Thursday, March 22, 2007
More Charges Of Political Manipulation Of DOJ By Gonzales And Company
The leader of the Justice Department team that prosecuted a landmark lawsuit against tobacco companies said yesterday that Bush administration political appointees repeatedly ordered her to take steps that weakened the government's racketeering case.
Sharon Y. Eubanks said Bush loyalists in Attorney General Alberto R. Gonzales's office began micromanaging the team's strategy in the final weeks of the 2005 trial, to the detriment of the government's claim that the industry had conspired to lie to U.S. smokers.

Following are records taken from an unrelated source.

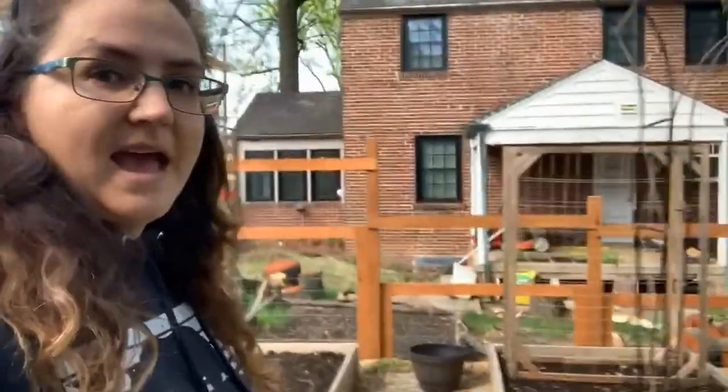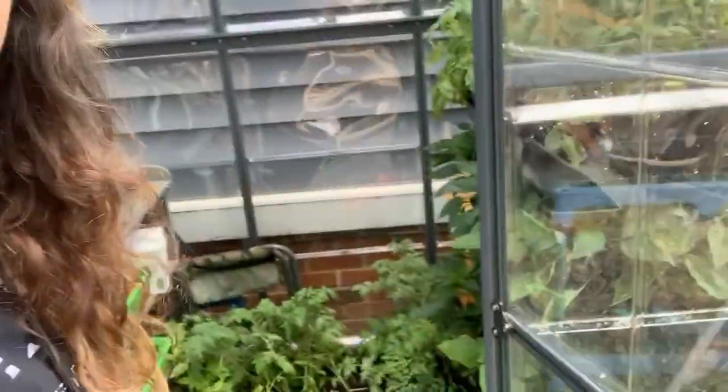Look at my greenhouse — packed to the gills. I started more seeds yesterday; I don't know what I'm thinking, I'm just excited and happy. It's really warm at night and I'm thinking of planting my tomatoes and my peppers early. Would you guys take that gamble?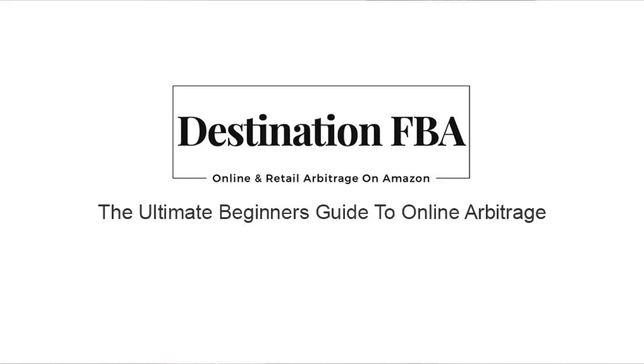Hi, welcome to the channel. My name's Emma. This is Destination FBA and I upload regular videos to offer advice and support to those who sell on Amazon. Now I've also just launched my brand new course, The Ultimate Beginner's Guide to Online Arbitrage, which you can find in the description below.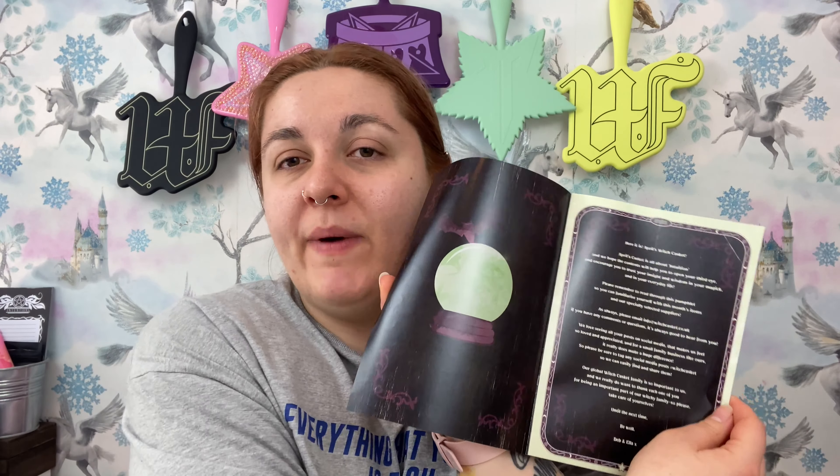The box is always the same recyclable cardboard — fantastic, we love it. Every month has a theme that runs through the entire box and everything's always so cohesive and amazing. You get a little leaflet that tells you what's inside. This month's theme is intuition. We open it and there's a cute little bear and a little crystal ball. April's Witch Casket is all about intuition and helping you open your third eye.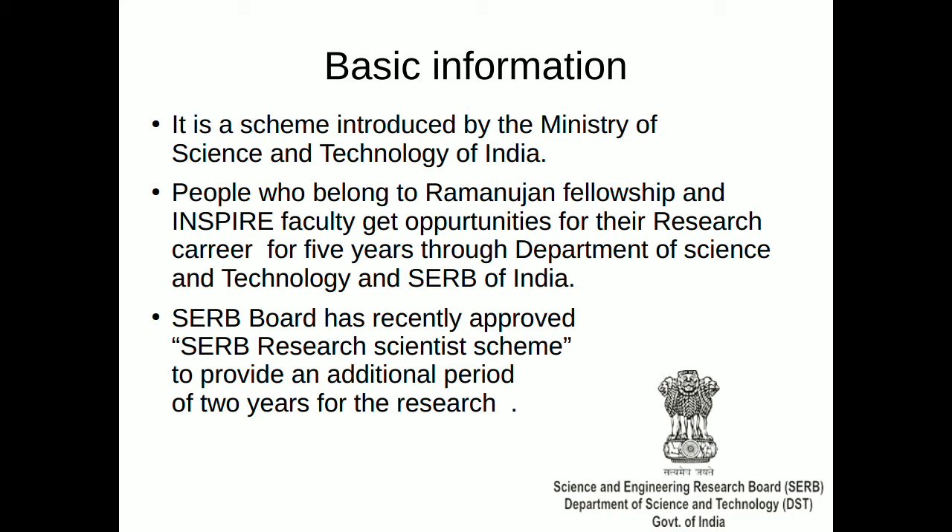In order to provide a platform for sustainment of research for some more time, SERB has recently introduced a new scheme — this is the SERB Research Scientist Scheme.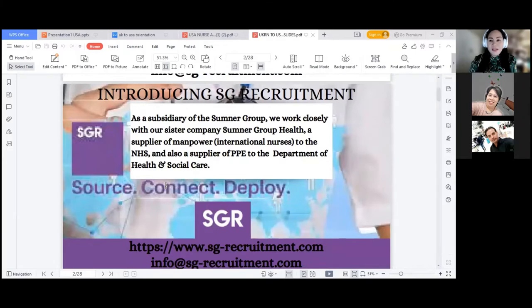SG stands for Sumner Group, and R stands for Recruitment. We are a subsidiary of the Sumner Group. We work closely with our sister company, Sumner Group Health, because we are into other businesses as well. We provide PPEs, especially during the heights of the pandemic, and we are a supplier of PPEs to different organizations all over the world. We are affiliated with many NHS Trusts — these are our clients for the last eight years from the time we started our business in recruitment.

She said a supervisor demanded that she and her trial team drop recommendations that tobacco executives be removed from their corporate positions as a possible penalty. He and two others instructed her to tell key witnesses to change their testimony. And they ordered Eubanks to read verbatim a closing argument they had rewritten for her, she said.
"The political people were pushing the buttons and ordering us to say what we said," Eubanks said. "And because of that, we failed to zealously represent the interests of the American public."
Eubanks, who served for 22 years as a lawyer at Justice, said three political appointees were responsible for the last-minute shifts in the government's tobacco case in June 2005: then-Associate Attorney General Robert D. McCallum, then-Assistant Attorney General Peter Keisler and Keisler's deputy at the time, Dan Meron.
News reports on the strategy changes at the time caused an uproar in Congress and sparked an inquiry by the Justice Department. Government witnesses said they had been asked to change testimony, and one expert withdrew from the case. Government lawyers also announced that they were scaling back a proposed penalty against the industry from $130 billion to $10 billion.
High-ranking Justice Department officials said there was no political meddling in the case, and the department's Office of Professional Responsibility (OPR) concurred after an investigation.
Yesterday was the first time that any of the government lawyers on the case spoke at length publicly about what they considered high-level interference by Justice officials.
Eubanks, who retired from Justice in December 2005, said she is coming forward now because she is concerned about what she called the "overwhelming politicization" of the department demonstrated by the controversy over the firing of eight U.S. attorneys. Lawyers from Justice's civil rights division have made similar claims about being overruled by supervisors in the past.
Eubanks said Congress should not limit its investigation to the dismissal of the U.S. attorneys.
"Political interference is happening at Justice across the department," she said. "When decisions are made now in the Bush attorney general's office, politics is the primary consideration. . . . The rule of law goes out the window."
The more Congress and the working press look into this mess at Justice, the more they are going to find that Preznut Bush, Karl Rove and Abu Gonzales have concluded that the DOJ is just another wing of the Republican National Committee.
Yet tee vee chattering heads like Tweety Bird Matthews and Lou Dobbs are complaining that the Democrats' investigations into the prosecutor purge and Abu Gonzales scandals are nothing more than a distraction from the importance business of "real governing." (In Dobbs' case, of course, that means deporting illegal brown people...)
Yet what could be more important than investigating an administration that has subverted the rule of law by turning the justice department into a bastion of political cronyism?
As Josh Marshall noted
You realize that these are textbook cases of the party in power interfering or obstructing the administration of justice for narrowly partisan purposes. It's a direct attack on the rule of law.
That's why these investigations are important and must be expanded.